Mike Hendrickson: And you can handle that?
Jason Hunter: We have a customer that has 200 terabytes of XML type and so if you scale that out, I can do that and probably every public email message that's ever been done that still fits in that size if you _____ to XML.
Mike Hendrickson: So, Jason, tell us what technologies you use at Marklogic?

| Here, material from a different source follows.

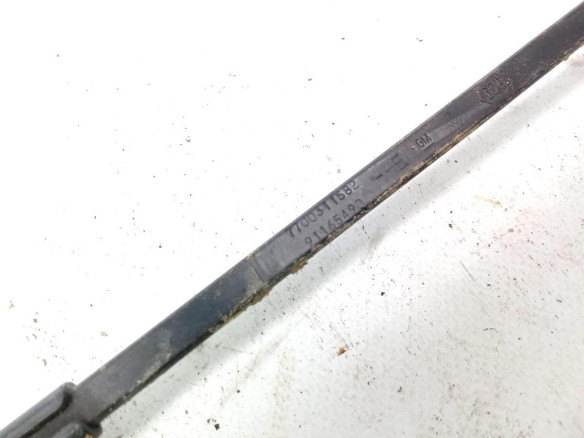 7700311582 BRAZO LIMPIAPARABRISAS DEL DER RENAULT TRAFIC II Furgón (FL)|Desguaces La Cabaña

Jason Hunter: Alright, what tech? Part of the language is we write the site in XQuery, which is W3C standard language; it's the native language of Mark Logic's server on which we're built and it's this XML aware language and it works really well for us because all of our messages are XML. We convert email into an XML format and we use XQuery then depresses them. We can search them, manipulate them, render them and we do all of that in this XML ___ language. It's not just that we use Java to convert messages into the XML; we use Perl to acquire the messages a lot of times. We use Java Script on the front end to make it the single page, you know, one page web app. experience, so that every time you're taking an action, we don't have to refresh the page. It's all that embedded thing. Then we have a five lug balancer that we program into Tickle. The core server is written in C++. Does HTML count?
Mike Hendrickson: Probably not. So, it sounds like you've got a really interesting mix of technologies. How do you find the right developers to work at - to work on Mark Mail?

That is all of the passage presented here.